La trama scritturale di “ LO STATO DELLA LOGICA” permette di risalire agli inizi della nostra più che trentennale riflessione sugli atti –fatti dell’interiorità poetica e sulla concomitante spazializzazione concretiva. L’ampiezza stesurale o la redazione tipotopografica della parola diventa nota dopo “MITOLOGIA FAMILIARE” (1961) ma in “PREGHIERA”(1948) (33) si profila per esigenza di un Interlocutore garante in assoluto dopo l’orgia di sangue, di fuoco, di infamia che, durante il secondo conflitto mondiale ci aveva colto inermi e veramente piccoli. “PREGHIERA” vivificava il sintomo di rinnovamento collegabile con la fondazione de “IL CONCISTORO”, un’associazione dalle varie ma concordi posizioni culturali promossa da Cara non soltanto per raccogliere o per analizzare le mutile fisionomie del quotidiano ma per progettare risposte adeguate con il saggio, con la poesia, con l’azione (34), benché saggio e poesia esaltino l’azione come luogo di scommessa, di scelta, di rischio. La fondazione de “IL CONCISTORO” avrebbe raccolto, sia pur con intermittenza, contatti con l’ambigua referenzialità del neorealismo. La costante consultazione tra noi due, specie per via epistolare, sul costituente trascendentale del linguaggio che potesse protopredicare l’instabilità come approssimazione del fatto con possibile trasferimento sulle varianti; come specificità di una relazione esclusivamente aspecifica per via lessicale ma non per comune infermità genetica, avrebbe caratterizzato la morfogenesi del nostro lavoro poetico. E’ anche vero che Cara avesse letto Pavese o di lì a poco (dopo la fondazione de “IL CONCISTORO”) Withman, Valéry, Alvaro come io  stesso avevo conosciuto i Salmi di Davide, Ezechiele, Lucrezio, Eliot,  Cardarelli (in ispecie il poeta dalle diffuse stesure).

NOTE

1)D. Cara, “Coerente, isterica Europa”, in “Lo stato della logica”, Foggia, Bastogi, 1980,pp.104.
2) Ib.,”La passione corrente”, p.133.
3) Ib., “Una forma della storia”, p.134.
4) Ib., “Tempi di registrazione”, p. 83.-
5) ib., “Principi di rappresentazione”, p. 17.
6) Ib., pp. 17 –18.
7) Ib., “Cosmologia (e conflitto) di primavera, p.19.
8) Ib., pp.19 –20.
9) Ib., “Principi di rappre sentazione”, p.17.
10) Ib., “In una notte senza ritmo” p. 41.
11) Ib., “Il Nord: una risposta sbagliata” pp. 33 –34.
12) Ib., “ In una notte senza ritmo” p.40.
13 e 14 ) Ib.
15) Ib., “Codice elementare” ,p.45.
16) Ib., “Crescita della neve”, p.46.
17) Ib.
18) Ib., “Cosmogonia (e pratiche) per l’azzurro, p. 51.
19) Ib., “La speranza borghese”, p. 55.
20) Ib., “Ammonimento III°”, p. 65.
21) Ib., “I segni del traffico”, p. 63.
22) Ib., “Lettura (tentativo didascalico), p.64.
23) Ib., “Arterie, esecuzioni, transiti”, p. 77
25) I., p.76.
26) Ib., “Tutte le screpolature”, p. 24.
27) Hegel, ”Lineamenti di filosofia del diritto, a cura di F:Massineo, Bari, Laterza 1965.
28) S: Lanuzza, “Logosfera”, Milano, Laboratorio delle Arti, 1975.
29) D: Cara, “Territorio di fatti”, Parma, Guanda 1969, p. 43.
30) D. Cara, “In una scatola, in “Lo stato della logica “ Ib. p.113.

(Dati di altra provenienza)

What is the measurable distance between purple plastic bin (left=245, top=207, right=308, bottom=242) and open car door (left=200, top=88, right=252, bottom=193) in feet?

31) D. Cara, “Codice della città”, in “Territorio di fatti”, ib. pp. 43 –44.
32) D. Cara, “In una scatola”, ib.
33)D.  Cara, “Preghiera”, in “Sinfonie” a cura di G. B. Lacquaniti, Reggio Calabria, Ed: Il Canacolo 1948, p.113.
34) “Il Concistoro” favorì la collana “Lavacri” con scritti di P. Broussard, G. Cimino, V. De Simone.